Directions for this task. The records that follow are to be transcribed in full, without their images.

Material for this task.
━━━━
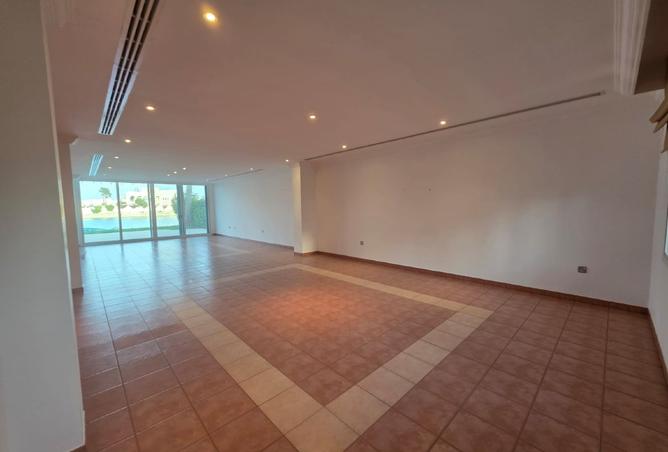 939760 - Property Image 3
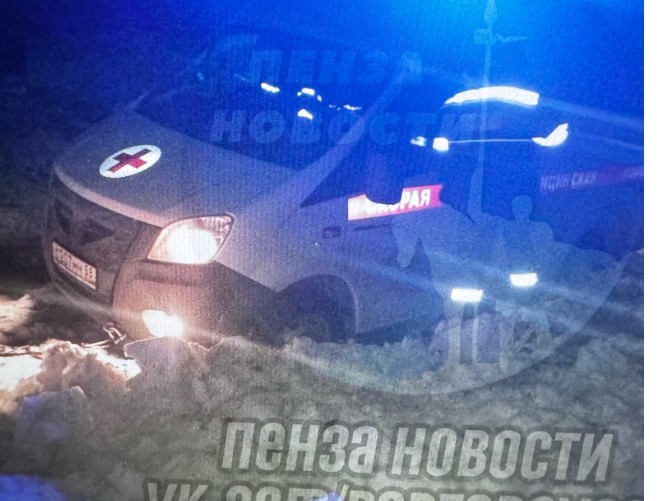 В Грабово машина скорой помощи застряла в сугробе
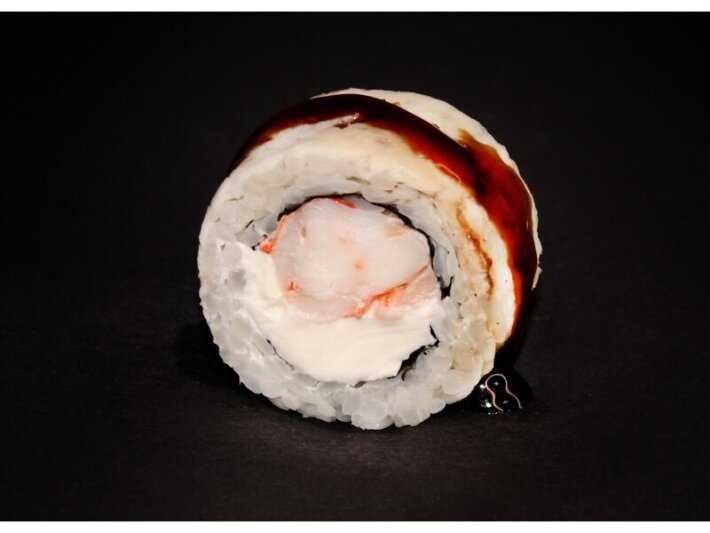 Ролл «Золотой дракон с креветкой»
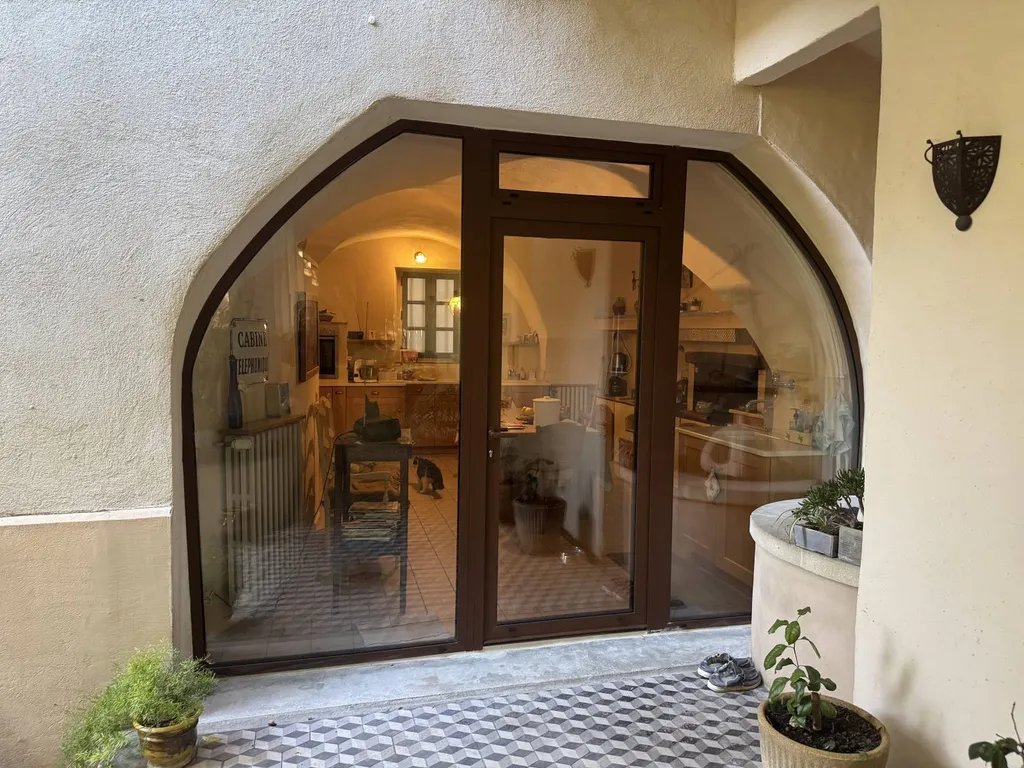 Porte fenêtre forme arrondie vue extérieur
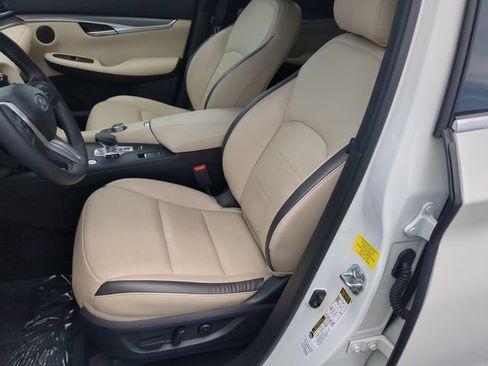 Used 2022 INFINITI QX50 Luxe w/ Cargo Package FWD image 23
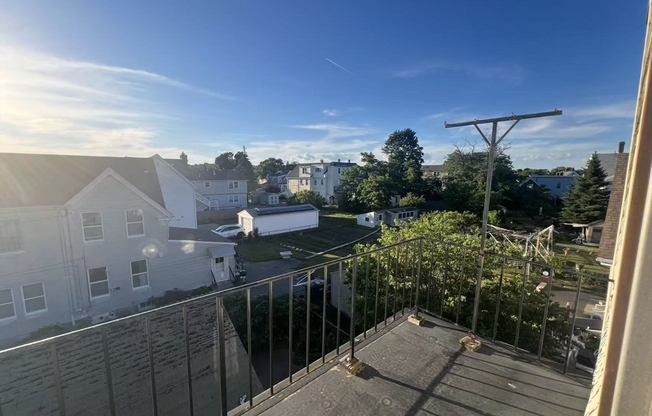 3 beds, 1 bath, 1,200 sqft, $2,600, Unit 3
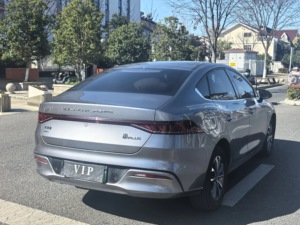 BYD Qin PLUS DM-i 2023 DM-i Champion, Auto Compacto Híbrido Enchufable, Nuevo Auto Eléctrico de Lujo BYD de China - Product Image 6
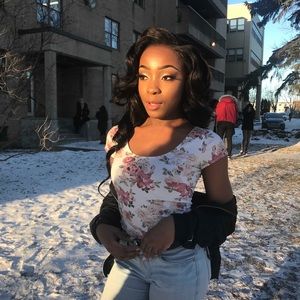 Meet your Posher, Laylah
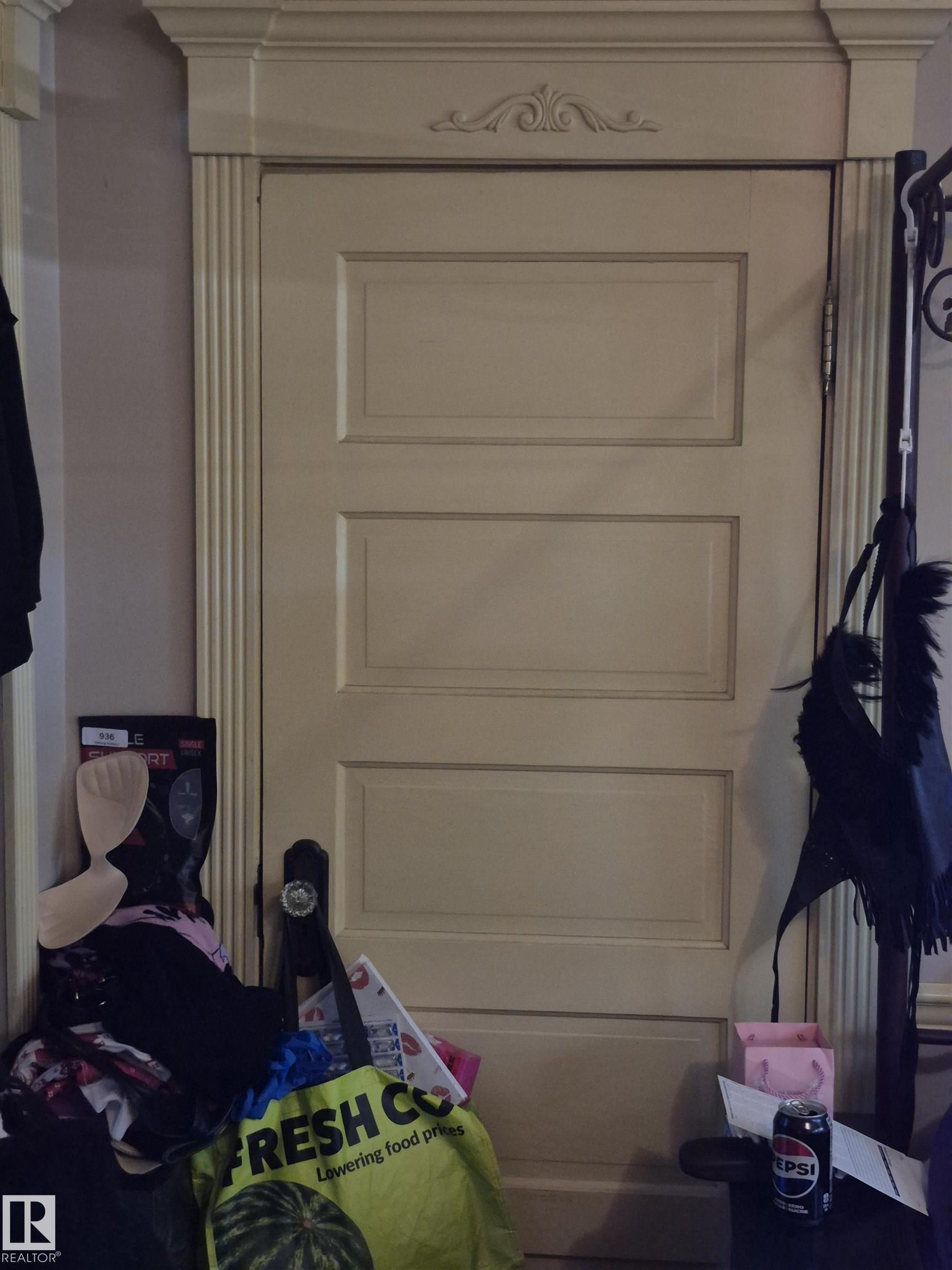 Photo 22 at 11301 87 Street NW, Parkdale, Edmonton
━━━━
Finished task.
 939760 - Property Image 3
 В Грабово машина скорой помощи застряла в сугробе
 Ролл «Золотой дракон с креветкой»
 Porte fenêtre forme arrondie vue extérieur
 Used 2022 INFINITI QX50 Luxe w/ Cargo Package FWD image 23
 3 beds, 1 bath, 1,200 sqft, $2,600, Unit 3
 BYD Qin PLUS DM-i 2023 DM-i Champion, Auto Compacto Híbrido Enchufable, Nuevo Auto Eléctrico de Lujo BYD de China - Product Image 6
 Meet your Posher, Laylah
 Photo 22 at 11301 87 Street NW, Parkdale, Edmonton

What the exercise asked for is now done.